Qi H, Menzel R, Tse-Dinh Y C
Department of Biochemistry and Molecular Biology, New York Medical College, Valhalla 10595, USA.
Mol Microbiol. 1996 Aug;21(4):703-11. doi: 10.1046/j.1365-2958.1996.241390.x.
Topoisomerase I and DNA gyrase are the major topoisomerase activities responsible for the regulation of DNA supercoiling in the bacterium Escherichia coli. The P1 promoter of topA has previously been shown to be a delta 32-dependent heat-shock promoter. A mutant strain with a deletion of P1 was constructed. This mutant is > 10-fold more sensitive to heat treatment (52 degrees C) than the wild type. After brief treatment at 42 degrees C, wild-type Escherichia coli acquires an enhanced resistance to the effects of a subsequent 52 degrees C treatment. This is not the case for the P1 deletion mutant, which, and under these conditions, is about 100-fold less thermotolerant than the wild type. The presence of a plasmid expressing topoisomerase I restored the heat-survival level of the mutant to that of the wild type. During heat shock, the superhelical density of a plasmid with the heat-inducible rpoD promoter is increased in the P1 deletion mutant. We also note that the pulse-labelling pattern of proteins at 42 C (displayed on SDS-polyacrylamide gels) is different in the mutant, and, most notably, the amounts of DnaK and of GroEL protein are reduced. A model is proposed in order to unify these observations.

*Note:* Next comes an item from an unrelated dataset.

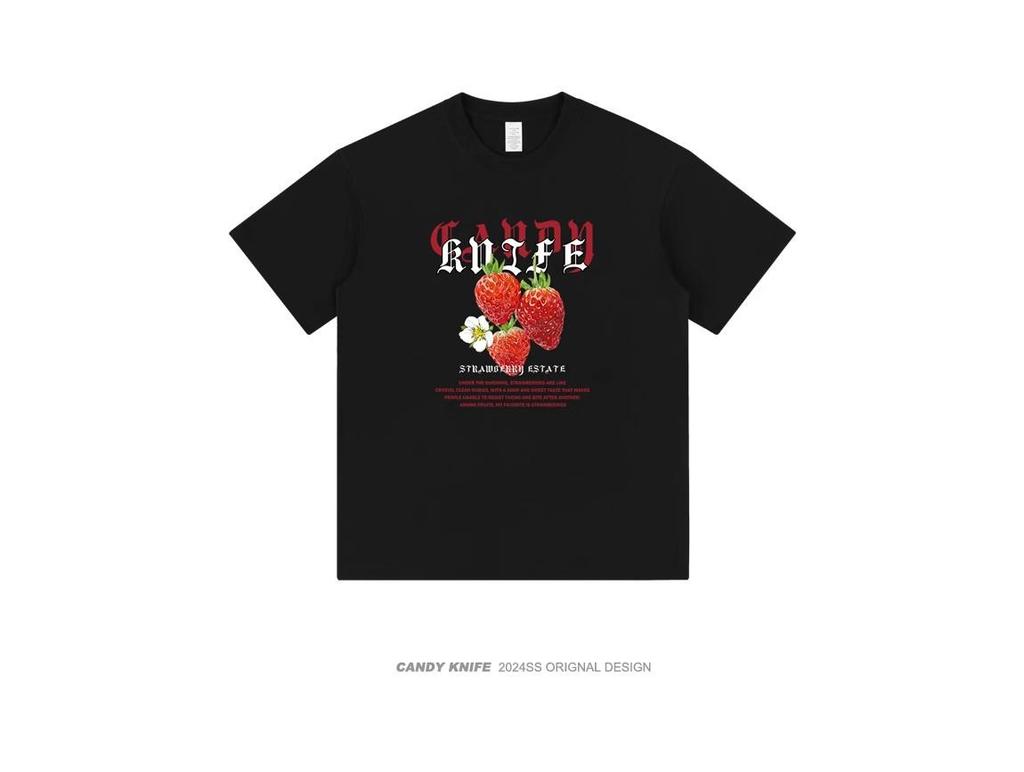 Unisex American Retro Hong Kong Style Strawberry Print T-Shirt - Summer Loose Fit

拓扑异构酶I和DNA促旋酶是负责调节大肠杆菌中DNA超螺旋的主要拓扑异构酶活性。topA的P1启动子先前已被证明是一种依赖δ32的热休克启动子。构建了一个缺失P1的突变菌株。该突变体对热处理(52℃)的敏感性比野生型高10倍以上。在42℃短暂处理后,野生型大肠杆菌对随后52℃处理的影响获得了增强的抗性。P1缺失突变体并非如此,在这些条件下,其耐热性比野生型低约100倍。表达拓扑异构酶I的质粒的存在将突变体的热存活水平恢复到野生型水平。在热休克期间,带有热诱导型rpoD启动子的质粒的超螺旋密度在P1缺失突变体中增加。我们还注意到,在42℃时蛋白质的脉冲标记模式(显示在SDS-聚丙烯酰胺凝胶上)在突变体中有所不同,最显著的是,DnaK和GroEL蛋白的量减少。为了统一这些观察结果,提出了一个模型。